2024 Marathi film directed by Pushkar Jog

Musafiraa is a 2024 Marathi-language coming-of-age adventure drama film directed by Pushkar in his directorial debut and produced by Anand Pandit, Roopa Pandit, Pushkar Jog and Nitin Vaidya under Anand Pandit Motion Pictures, Aish Motion Pictures, Goosebumps Entertainment and Nitin Vaidya Productions. The film stars an ensemble cast of Pushkar Jog, Pooja Sawant, Smrity Sinha, Pushkaraj Chirputkar and Dissha Pardeshi.
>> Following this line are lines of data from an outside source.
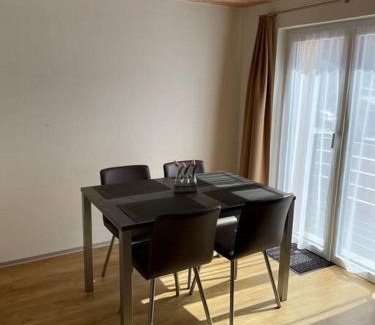 Saas Grund Apartment | Apartment Bellavista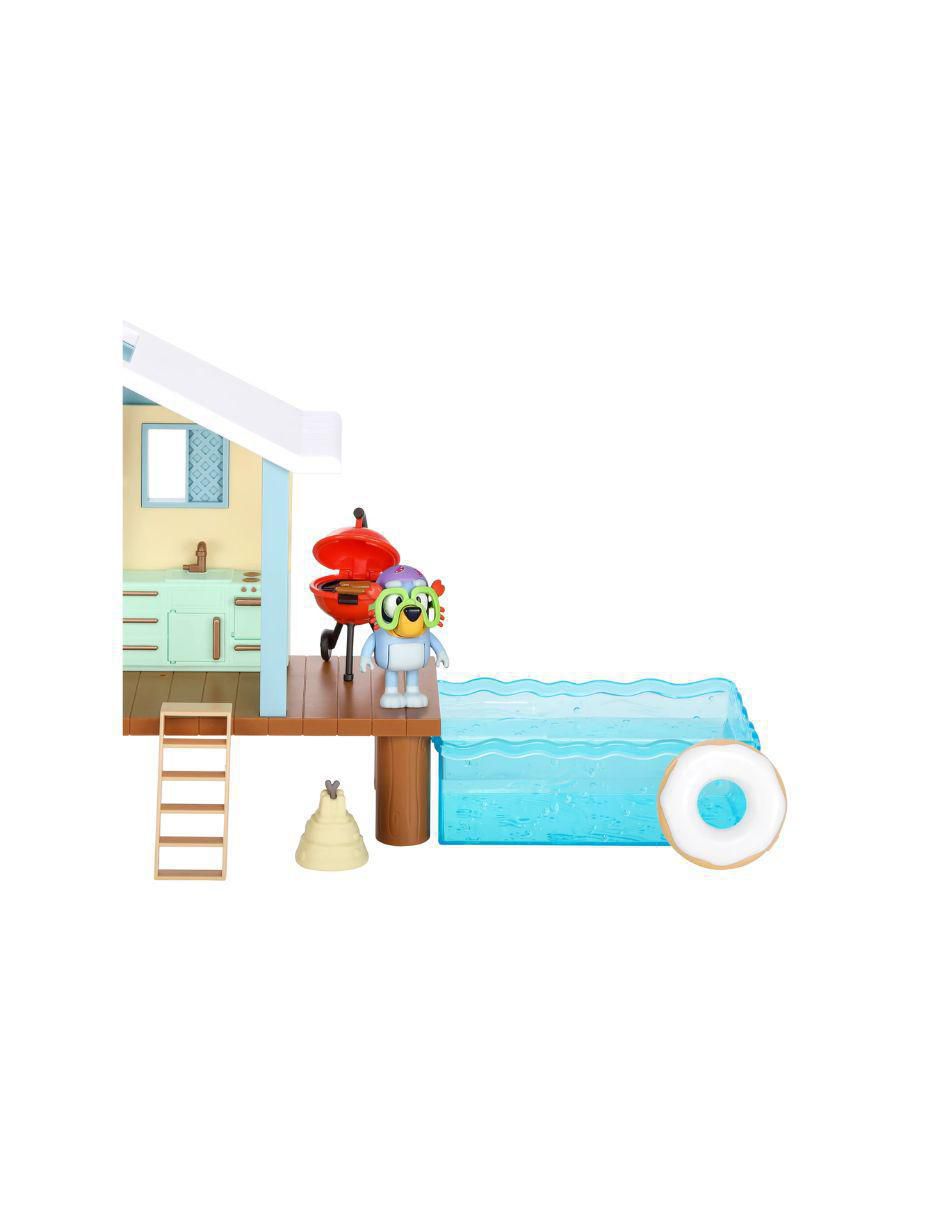 Cabina de Playa 2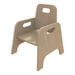 Solid Beech Infant Chairs Seat height 200mm  hi\-res
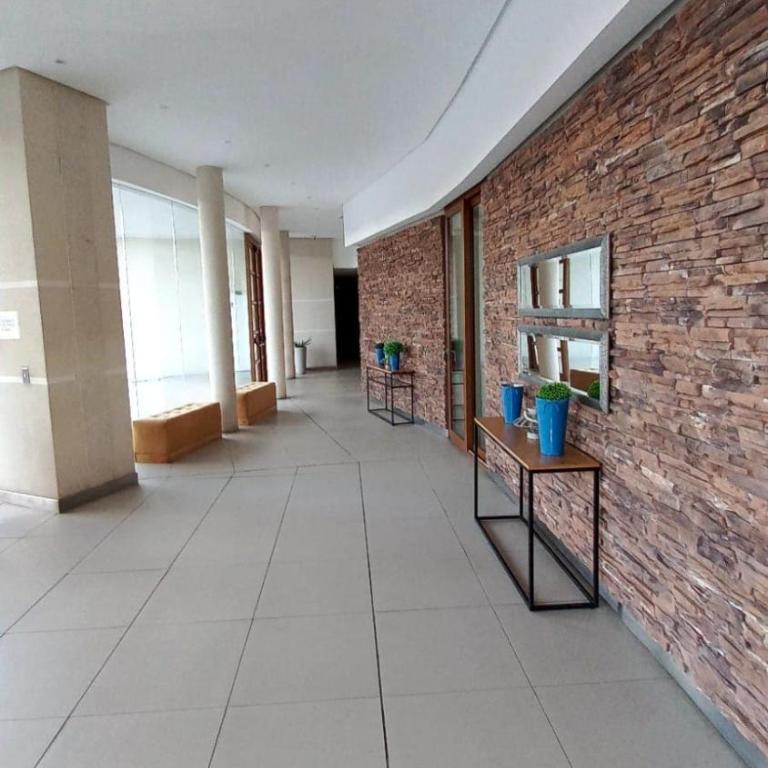 Departamento Serena y Coquinbo pasos de la Playa y casino - Apartamento de 3 dormitorios - 19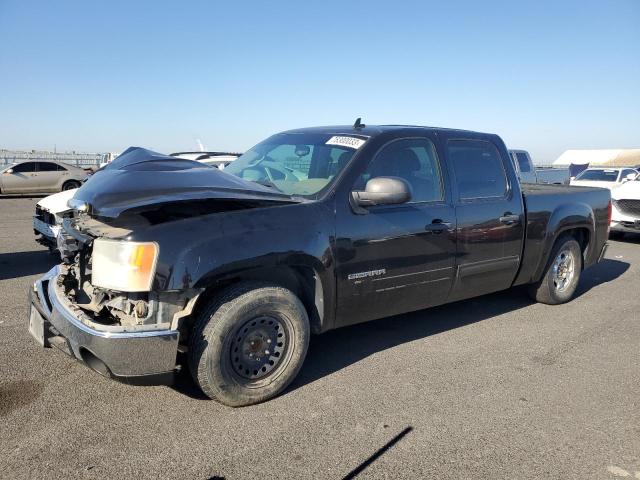 2011 GMC SIERRA C1500 SL 2011 image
The film highlights the importance of friendship at every turn of life.

== Cast ==

- Pushkar Jog as Nishank
- Pooja Sawant as Megha
- Smrity Sinha as Kreya
- Pushkaraj Chirputkar as Amey
- Dissha Pardeshi as Mithila
- Chetan Mohture as Vihaan
- Madhav Deochakke
- Meera Sarang
- Danielle Walsh

== Production ==
This film marked the second collaboration between producer Anand Pandit and Jog; previously, they had collaborated on Victoria - Ek Rahasya in 2023. The film was one of the big-budget films in Marathi and the first Indian film to be shot on the Isle of Skye in the Scottish Highlands. It also marked Bhojpuri actress Smrity Sinha's debut in Marathi films.

== Soundtrack ==
The songs are composed by Rohan-Rohan and Suhit Abhyankar, and the lyrics are penned by Mandar Cholkar.

Sound track
| No. | Title | Lyrics | Music | Singer(s) | Length |
|---|---|---|---|---|---|
| 1. | "Musafiraa" | Mandar Cholkar | Rohan-Rohan | Vishal Dadlani | 3:29 |
| 2. | "Man Bebhaan" | Mandar Cholkar | Suhit Abhyankar | Suhit Abhyankar | 3:25 |
| Total length: |  |  |  |  | 6:54 |

== Release and reception ==
The film was officially announced in mid-June 2023. The official film poster featuring the five main leads was released on 22 November 2023, with a grand poster of about 20 feet long also unveiled on the premises of Plaza Cinema in Mumbai.